▶ _ACTION ITEM_:
Find the line below with "如何评价Spacex载人飞船". Print it and every line after it exactly, through the last line, leaving out the pictures.

═════ DATA FOR PROCESSING

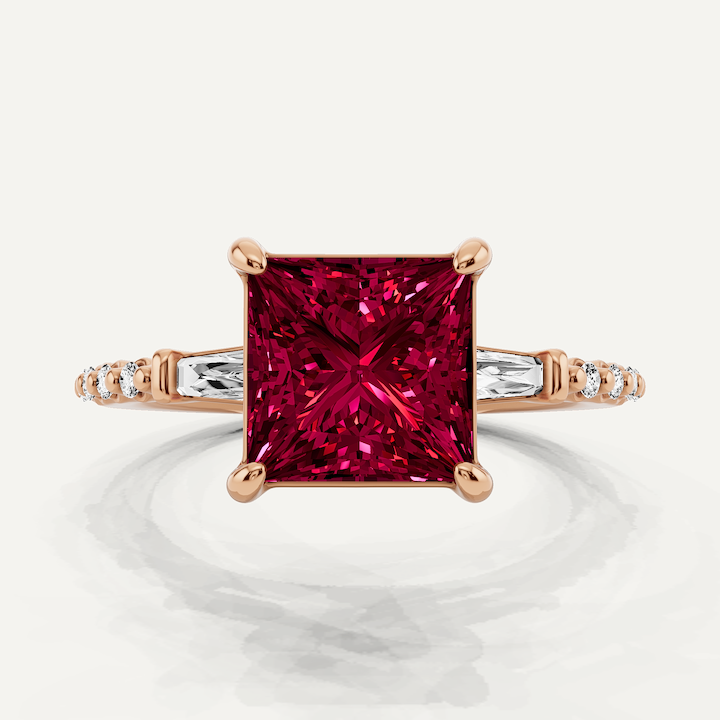 _main_image@SKU:RG113-LCRP02000004P #metal_10k-rose-gold+origin_lab-created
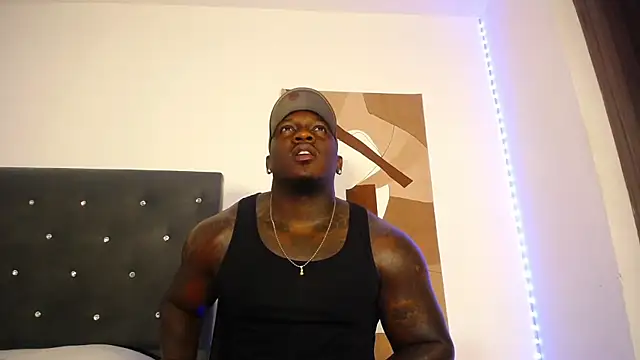 Snapshot of JoshMorri chatting on November 2025 01:38:01 AM JoshMorri online show from November 2025 01:38:01 AM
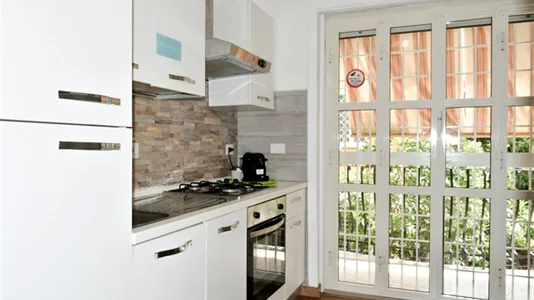 Apartments in Roma Municipio X – Ostia/Acilia - photo 7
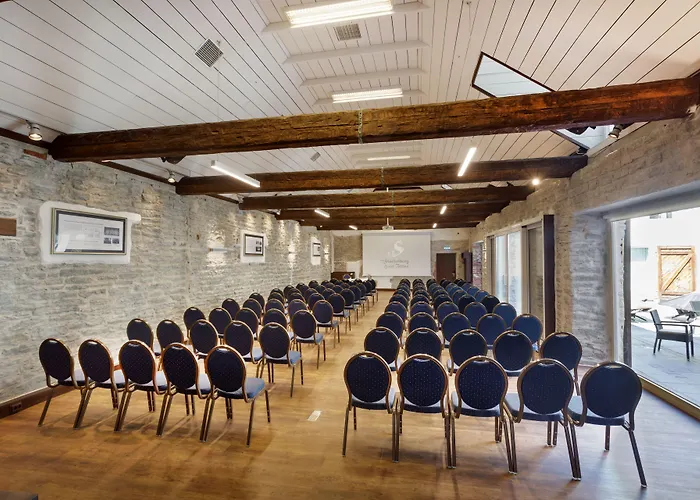 The Von Stackelberg 4*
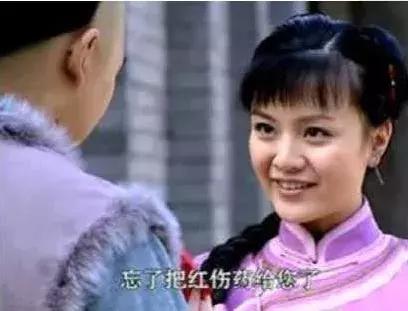 对天津人的称谓,天津人对女的怎么称呼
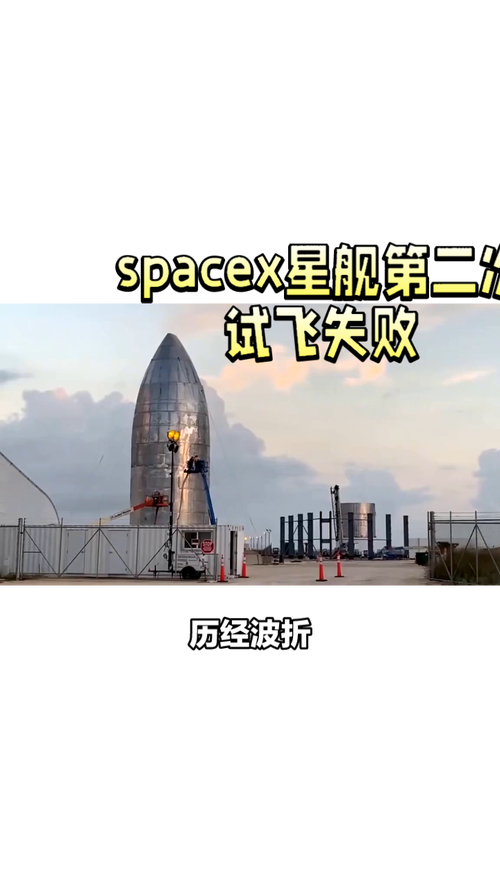 如何评价Spacex载人飞船完成首飞成功回到地球美国故障飞船回地球宇航员还在太空火箭载人到太空怎么返回 汽车行情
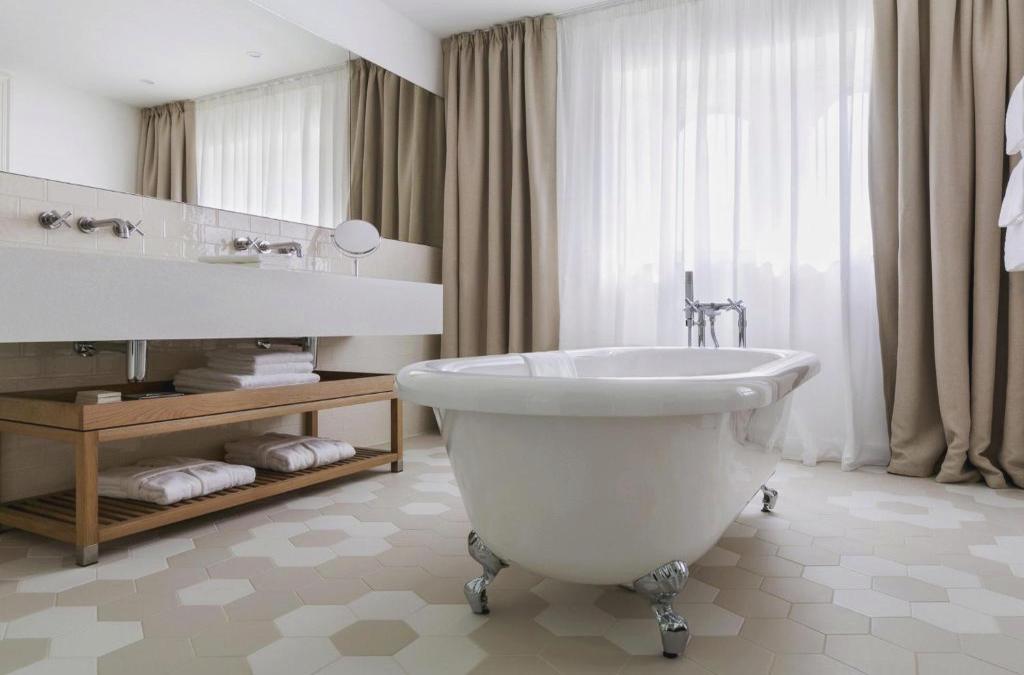 Heritage Hotel Fermai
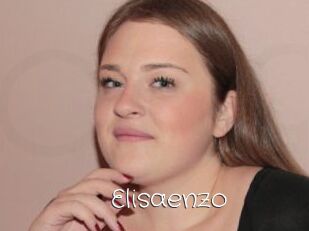 Elisaenzo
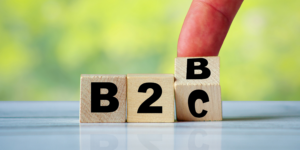 Read more about the article B2C Email Marketing 2024 – A Comprehensive Guide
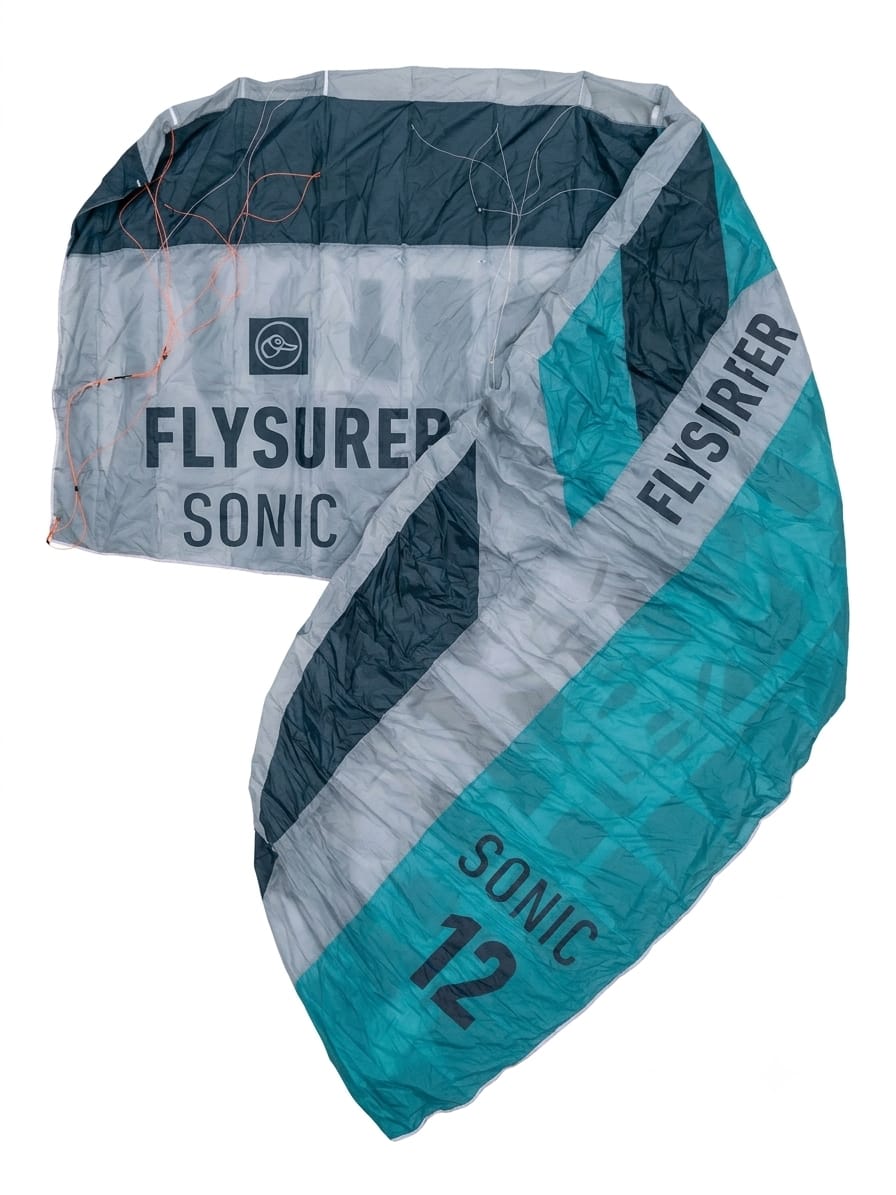 FLYSURFER/SONIC4 12 MTS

══════════

▶ _OUTPUT BELOW_:
 如何评价Spacex载人飞船完成首飞成功回到地球美国故障飞船回地球宇航员还在太空火箭载人到太空怎么返回 汽车行情
 Heritage Hotel Fermai
 Elisaenzo
 Read more about the article B2C Email Marketing 2024 – A Comprehensive Guide
 FLYSURFER/SONIC4 12 MTS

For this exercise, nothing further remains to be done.